Webscraping process - The webscraping tool generally managed to retrieve the maximum of 19 jobs posted per page on Indeed’s search result pages. The first part of the scraping had a human-in-the-loop (i.e. myself) monitoring the scraper navigating the page, to ensure data retrieval quality. Occasionally, due to an unforeseen pop-up or a nested html element, I had to scroll the automated Chrome browser in the right direction so that it would carry on retrieving new job post URLs. However, this means that some job posts may have been overlooked. This shouldn’t pose a significant problem, since I was sampling from the much larger number of total available job posts, but the sampling method’s randomness is reliant on the order in which Indeed presents results.

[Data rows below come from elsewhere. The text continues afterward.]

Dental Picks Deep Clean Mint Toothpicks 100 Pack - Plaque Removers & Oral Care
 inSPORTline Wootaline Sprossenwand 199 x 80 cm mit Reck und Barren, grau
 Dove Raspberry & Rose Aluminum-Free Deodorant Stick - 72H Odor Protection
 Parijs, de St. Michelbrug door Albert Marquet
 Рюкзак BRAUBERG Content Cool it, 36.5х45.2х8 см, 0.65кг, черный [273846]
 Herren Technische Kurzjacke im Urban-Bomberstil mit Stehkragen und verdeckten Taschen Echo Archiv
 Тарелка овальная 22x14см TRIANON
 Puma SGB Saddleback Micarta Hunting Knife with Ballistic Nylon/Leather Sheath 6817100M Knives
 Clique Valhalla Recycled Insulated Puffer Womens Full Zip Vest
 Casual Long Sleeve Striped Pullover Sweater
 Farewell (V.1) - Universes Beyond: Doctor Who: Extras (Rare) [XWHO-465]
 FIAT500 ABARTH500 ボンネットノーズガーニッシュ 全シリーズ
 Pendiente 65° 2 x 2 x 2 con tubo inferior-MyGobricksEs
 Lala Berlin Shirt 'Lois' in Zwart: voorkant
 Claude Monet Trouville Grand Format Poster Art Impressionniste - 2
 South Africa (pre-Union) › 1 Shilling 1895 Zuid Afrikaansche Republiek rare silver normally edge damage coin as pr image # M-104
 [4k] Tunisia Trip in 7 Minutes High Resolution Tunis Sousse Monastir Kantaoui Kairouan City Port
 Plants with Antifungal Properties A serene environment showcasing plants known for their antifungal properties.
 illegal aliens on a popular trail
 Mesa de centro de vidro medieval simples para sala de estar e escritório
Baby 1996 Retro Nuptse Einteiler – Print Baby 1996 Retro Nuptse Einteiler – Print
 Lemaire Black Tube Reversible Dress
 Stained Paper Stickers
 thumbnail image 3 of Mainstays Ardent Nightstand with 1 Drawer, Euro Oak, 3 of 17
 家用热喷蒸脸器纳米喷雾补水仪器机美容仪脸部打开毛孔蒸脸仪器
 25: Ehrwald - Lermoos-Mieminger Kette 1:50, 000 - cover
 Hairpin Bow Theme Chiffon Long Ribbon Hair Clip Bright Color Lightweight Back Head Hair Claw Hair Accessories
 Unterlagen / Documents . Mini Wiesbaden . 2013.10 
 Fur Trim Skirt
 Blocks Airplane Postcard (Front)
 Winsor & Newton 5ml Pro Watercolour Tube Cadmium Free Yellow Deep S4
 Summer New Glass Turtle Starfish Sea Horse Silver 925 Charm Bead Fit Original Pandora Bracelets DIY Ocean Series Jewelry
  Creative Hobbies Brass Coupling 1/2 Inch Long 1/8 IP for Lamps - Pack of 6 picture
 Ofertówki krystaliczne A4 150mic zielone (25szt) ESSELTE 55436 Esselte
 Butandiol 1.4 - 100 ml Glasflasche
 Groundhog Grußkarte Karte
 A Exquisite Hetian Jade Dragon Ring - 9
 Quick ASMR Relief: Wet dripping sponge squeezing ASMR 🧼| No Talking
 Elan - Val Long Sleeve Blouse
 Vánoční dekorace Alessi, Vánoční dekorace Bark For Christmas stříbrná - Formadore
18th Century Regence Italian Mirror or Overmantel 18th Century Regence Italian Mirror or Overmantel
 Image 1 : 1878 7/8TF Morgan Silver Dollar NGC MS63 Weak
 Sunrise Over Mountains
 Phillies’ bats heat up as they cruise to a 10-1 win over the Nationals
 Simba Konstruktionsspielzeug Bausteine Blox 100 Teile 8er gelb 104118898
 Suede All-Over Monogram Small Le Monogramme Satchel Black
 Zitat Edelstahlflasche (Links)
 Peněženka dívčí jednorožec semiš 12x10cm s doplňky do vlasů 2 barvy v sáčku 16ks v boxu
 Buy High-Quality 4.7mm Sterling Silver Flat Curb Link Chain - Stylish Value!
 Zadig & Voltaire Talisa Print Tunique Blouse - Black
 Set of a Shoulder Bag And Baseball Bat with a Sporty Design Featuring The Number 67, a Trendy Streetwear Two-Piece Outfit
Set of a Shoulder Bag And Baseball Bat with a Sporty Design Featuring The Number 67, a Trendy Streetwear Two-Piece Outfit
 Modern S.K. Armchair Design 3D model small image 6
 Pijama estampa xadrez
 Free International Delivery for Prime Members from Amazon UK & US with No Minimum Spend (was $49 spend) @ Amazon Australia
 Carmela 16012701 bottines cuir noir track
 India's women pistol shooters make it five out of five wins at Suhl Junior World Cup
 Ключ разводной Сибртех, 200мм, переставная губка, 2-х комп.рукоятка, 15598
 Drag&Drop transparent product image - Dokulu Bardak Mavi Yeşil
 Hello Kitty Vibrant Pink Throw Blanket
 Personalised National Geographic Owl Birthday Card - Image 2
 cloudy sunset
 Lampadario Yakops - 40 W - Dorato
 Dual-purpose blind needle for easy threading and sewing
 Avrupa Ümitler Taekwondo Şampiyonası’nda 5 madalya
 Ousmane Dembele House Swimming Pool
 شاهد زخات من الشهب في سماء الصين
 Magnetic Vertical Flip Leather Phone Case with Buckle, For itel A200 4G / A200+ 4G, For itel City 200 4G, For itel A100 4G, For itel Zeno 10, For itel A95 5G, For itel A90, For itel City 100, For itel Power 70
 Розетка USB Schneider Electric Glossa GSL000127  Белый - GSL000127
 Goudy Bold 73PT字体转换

Searching by title - since we’re relying on Indeed.co.uk’s internal search functions, I specifically chose to input the text “title:(software, developer)”- this would only bring up a job if it contained either or both of those 2 words in any order. This would allow as well for examples such as “Software & Architecture Developer” and other valid variations. I realise of course that this would exclude perfectly valid choices from our selection, but I decided to prioritise sample purity foremost.